This will create a new mirror set called ``NAME`` at ``PATH`` (defaults to
.)``/.lmirror/sets/NAME``. The mirror will be populated with the current
contents of CONTENT_ROOT (defaults to PATH). Note that if the CONTENT_ROOT is
not PATH then changes to the mirror set definition will not automatically
propogate through the mirror network. You can customise exactly what and
how is mirrored after this. To skip the initial population you can supply the
``--empty`` option, or just hit ctrl-C after the message ``finishing change``
shows. Either way, you should later run

 $ lmirror finish-change [PATH/]NAME

when you are ready to give receivers content to mirror.

You can run 

 $ lmirror finish-change --dry-run [PATH/]NAME

To see what will be added to the mirror.

Because receivers may be reading from the content as it is changed, LMirror has
a flag which can be set in the metadata indicating that the mirror set is
getting changed - when this is set, receivers will pause their transmission and
probe for the update to finish. To signal that a change is being made run::

 $ lmirror start-change [PATH/]NAME

After the contents of your mirror set are updated to your satisfaction, tell
lmirror that you have finished:

 $ lmirror finish-change [PATH/]NAME

This will scan the directory looking for files that have gone missing, have
been altered (detected by the mtime stamp) or been added.

If a change

For instance, if you are updating an Ubuntu mirror, you might have this as your
maintenance script::

 #!/bin/sh
 lmirror start-change Ubuntu
 apt-ftparchive packages directory | gzip > Packages.gz
 lmirror finish-change Ubuntu

Each changeset takes up enough space to record the filenames of all the files
added, deleted and changed and their sha256sum.

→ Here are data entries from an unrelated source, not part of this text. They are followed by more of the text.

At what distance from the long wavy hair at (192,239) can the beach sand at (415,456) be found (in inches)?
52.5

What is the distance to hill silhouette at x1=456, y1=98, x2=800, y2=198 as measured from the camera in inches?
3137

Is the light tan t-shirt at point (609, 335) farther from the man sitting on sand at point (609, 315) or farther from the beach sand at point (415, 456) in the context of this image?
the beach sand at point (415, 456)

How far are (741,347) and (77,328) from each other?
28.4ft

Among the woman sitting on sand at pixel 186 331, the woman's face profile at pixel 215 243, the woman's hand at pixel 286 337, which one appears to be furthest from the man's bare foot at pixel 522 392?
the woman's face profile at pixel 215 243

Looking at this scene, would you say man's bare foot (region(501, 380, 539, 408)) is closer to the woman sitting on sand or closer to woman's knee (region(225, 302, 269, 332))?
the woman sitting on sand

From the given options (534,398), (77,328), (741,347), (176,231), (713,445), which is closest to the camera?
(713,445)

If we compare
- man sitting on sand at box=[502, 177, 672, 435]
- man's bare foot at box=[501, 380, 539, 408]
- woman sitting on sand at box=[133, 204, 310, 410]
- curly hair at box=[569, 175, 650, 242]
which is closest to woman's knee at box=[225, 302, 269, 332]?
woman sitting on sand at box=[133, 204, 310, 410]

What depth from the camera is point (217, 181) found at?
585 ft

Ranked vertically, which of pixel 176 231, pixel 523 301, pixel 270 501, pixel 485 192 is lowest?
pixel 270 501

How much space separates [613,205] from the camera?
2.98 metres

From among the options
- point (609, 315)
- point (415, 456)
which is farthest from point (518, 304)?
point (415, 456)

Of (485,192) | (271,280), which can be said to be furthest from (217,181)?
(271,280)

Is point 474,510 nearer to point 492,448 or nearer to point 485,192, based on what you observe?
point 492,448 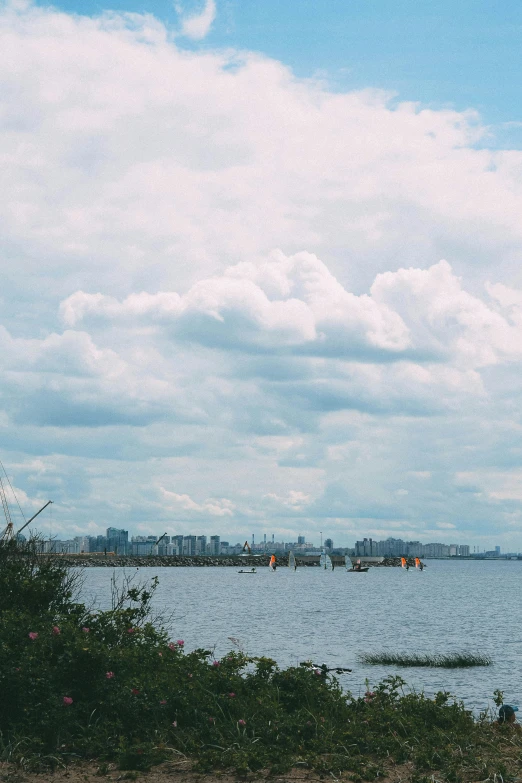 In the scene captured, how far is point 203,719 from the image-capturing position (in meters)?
13.7

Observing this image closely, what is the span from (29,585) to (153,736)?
17.7 ft

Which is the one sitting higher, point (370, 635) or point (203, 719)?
point (203, 719)

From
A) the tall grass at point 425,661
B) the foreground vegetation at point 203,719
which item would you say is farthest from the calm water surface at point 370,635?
the foreground vegetation at point 203,719

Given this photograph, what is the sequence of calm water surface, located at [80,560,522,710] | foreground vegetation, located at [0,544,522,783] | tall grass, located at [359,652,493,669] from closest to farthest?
foreground vegetation, located at [0,544,522,783]
calm water surface, located at [80,560,522,710]
tall grass, located at [359,652,493,669]

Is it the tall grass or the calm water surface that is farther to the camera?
the tall grass

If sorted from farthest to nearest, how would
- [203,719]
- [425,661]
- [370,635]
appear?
[370,635], [425,661], [203,719]

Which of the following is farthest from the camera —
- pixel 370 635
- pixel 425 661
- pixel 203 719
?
pixel 370 635

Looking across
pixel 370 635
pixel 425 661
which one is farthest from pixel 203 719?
pixel 370 635

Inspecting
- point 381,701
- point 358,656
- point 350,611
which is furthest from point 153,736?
point 350,611

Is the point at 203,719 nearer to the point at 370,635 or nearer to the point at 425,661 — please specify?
the point at 425,661

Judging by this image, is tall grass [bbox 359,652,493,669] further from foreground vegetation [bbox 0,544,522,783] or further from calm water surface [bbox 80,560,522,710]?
foreground vegetation [bbox 0,544,522,783]

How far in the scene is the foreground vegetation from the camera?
12.4 m

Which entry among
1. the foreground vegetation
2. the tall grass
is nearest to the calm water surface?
the tall grass

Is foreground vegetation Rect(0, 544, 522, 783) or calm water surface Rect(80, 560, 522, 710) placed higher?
foreground vegetation Rect(0, 544, 522, 783) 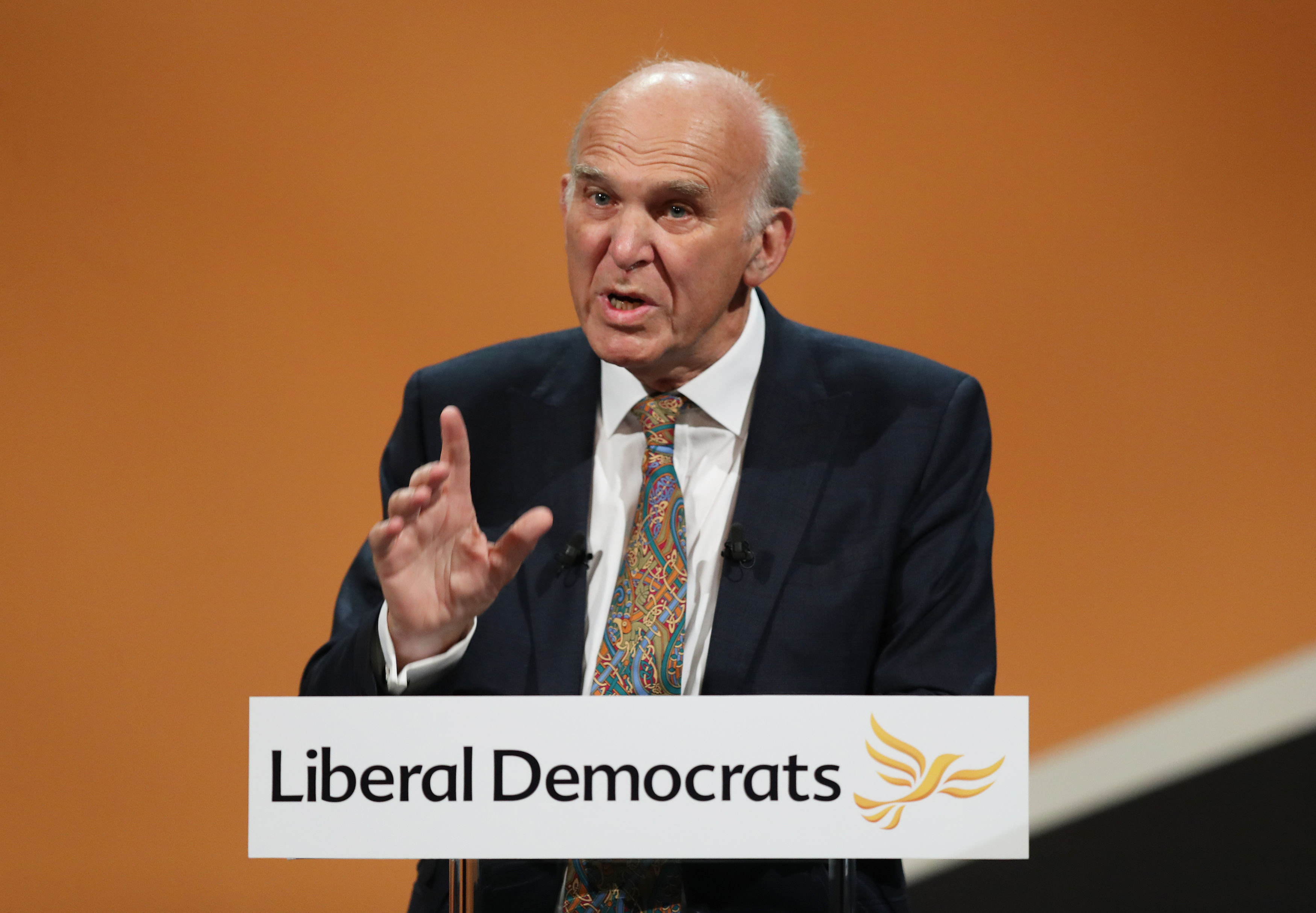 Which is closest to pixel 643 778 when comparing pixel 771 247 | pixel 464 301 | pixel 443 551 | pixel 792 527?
pixel 443 551

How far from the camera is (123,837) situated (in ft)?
9.38

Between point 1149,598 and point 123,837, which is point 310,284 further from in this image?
point 1149,598

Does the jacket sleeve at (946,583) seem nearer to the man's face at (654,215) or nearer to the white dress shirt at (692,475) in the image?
the white dress shirt at (692,475)

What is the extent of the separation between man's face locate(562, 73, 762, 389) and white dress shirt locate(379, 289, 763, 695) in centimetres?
10

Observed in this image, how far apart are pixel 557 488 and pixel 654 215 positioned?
43 centimetres

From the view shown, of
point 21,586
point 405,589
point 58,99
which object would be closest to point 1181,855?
point 405,589

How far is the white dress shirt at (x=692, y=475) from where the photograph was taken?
1.82m

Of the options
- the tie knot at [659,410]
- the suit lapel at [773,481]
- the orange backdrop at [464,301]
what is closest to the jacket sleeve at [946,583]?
the suit lapel at [773,481]

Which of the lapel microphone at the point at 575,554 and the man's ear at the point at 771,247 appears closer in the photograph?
the lapel microphone at the point at 575,554

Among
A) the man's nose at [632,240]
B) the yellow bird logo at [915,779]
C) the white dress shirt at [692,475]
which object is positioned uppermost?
the man's nose at [632,240]

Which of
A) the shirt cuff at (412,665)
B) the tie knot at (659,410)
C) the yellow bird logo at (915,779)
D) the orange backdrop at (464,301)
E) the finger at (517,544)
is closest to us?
the yellow bird logo at (915,779)

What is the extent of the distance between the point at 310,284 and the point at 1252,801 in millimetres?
2146

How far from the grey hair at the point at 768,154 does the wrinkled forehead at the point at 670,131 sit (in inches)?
1.4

LMirror keeps two full lists of all the files and directories: one for the
starting point of the changesets in the set, and one for a recently recorded
state of the mirror set. It then keeps as many changesets as it can until the
size of the changesets exceeds the size of the two full lists. When that
happens some of changesets are discarded, and the starting point full list is
updated to have all of the discarded changesets included in it. The recent
full list is updated whenever the time to apply the changesets that happened
after it becomes significant. Generally no special maintenance should be neeed
for the changeset list.

Content rules
+++++++++++++

``.lmirror/sets/<name>/content.conf`` controls what contents are included in a
mirror set. This file is a simple key-value list. Lines beginning with
``include`` select paths to mirror, and ``exclude`` select paths to exclude.
Lines beginning with ``program`` specify a program to run to perform arbitrary
logic to determine include or exclude status. See helper programs below for
details about that.

Excludes win over includes when a path is both included and excluded. Exclude
and include rules are regexes, which are evaluated in search mode - you need to
anchor them if you need an anchored search. Note that to exclude a directory
and include some children of it, you need to exclude the children of the
directory. For instance, to exclude 'excluded' and include
'excluded/included'::

  exclude ^excluded/
  include excluded/included($|/)

The ($|/) clause is there so that a path 'excluded/includedbymistake' will not
be included.

Regex hints
-----------

 * '(^|/)FOO': match FOO as the start of a basename at the root or below.
 * 'FOO($|/)': match FOO as the end of a basename at the root or below.
 * '\.FOO$': match paths ending in '.FOO'.

Helper programs
---------------

Helper progreams are started up once and then have many paths run through them.
Here is a simple python helper that filters paths containing the string 'm3u'::

  #!/usr/bin/env python
  import sys
  while True:
      line = sys.stdin.readline()
      if not line:
          break
      if 'm3u' in line:
          sys.stdout.write('False\n')
      else:
          sys.stdout.write('None\n')
      sys.stdout.flush()

A filter program recieves paths on stdin, one path at a time, with \n
delimiting paths. It then replies on stdout for that one path, with one of::

  True\n   # To force this path to be included.
  False\n  # To force this path to be excluded.
  None\n   # To not influence inclusion or exclusion for this path.

Barriers
++++++++

**NB: Not implemented yet.**

``.lmirror/sets/<name>/ordering.conf`` controls the order in which changes in a
changeset are applied.

Digital signatures
++++++++++++++++++

LMirror builds on the GPG/PGP web of trust for digital signing of content. To
enable digital signing, create a keyring ``.lmirror/sets/<name>/lmirror.gpg``.
When this file exists, all journals must be signed by any key in this keyring.
LMirror will invoke gpg to sign journals it creates, and receivers will check
that journals they receive are signed. It is important, when removing a key from
the keyring, to do so only after giving your mirrors a chance to update,
otherwise spurious errors may be encountered if a mirror is too far behind.
Secondly, and more importantly, updates that change the keyring *must* be
signed by a key valid in the existing keyrings that receivers already have -
otherwise they will reject the new keyring and require manual intervention
to resume syncing. The program gpgv is used to perform verification of
journals.

A common way to create ``lmirror.gpg`` is::

  gpg --no-default-keyring --keyring .lmirror/sets/<name>/lmirror.gpg --import <exported key>

The error::

 gpgv: Can't check signature: public key not found

Indicates that a journal was signed by a key not in lmirror.gpg.


How mirroring works
===================

The metadata for a mirrorset contains a list of journals that comprise the mirrorset. Mirroring involves:

* Finding what journals need to be mirrored.

* Copying those journals.

* Using the content of those journals to decide what files need to be copied and deleted.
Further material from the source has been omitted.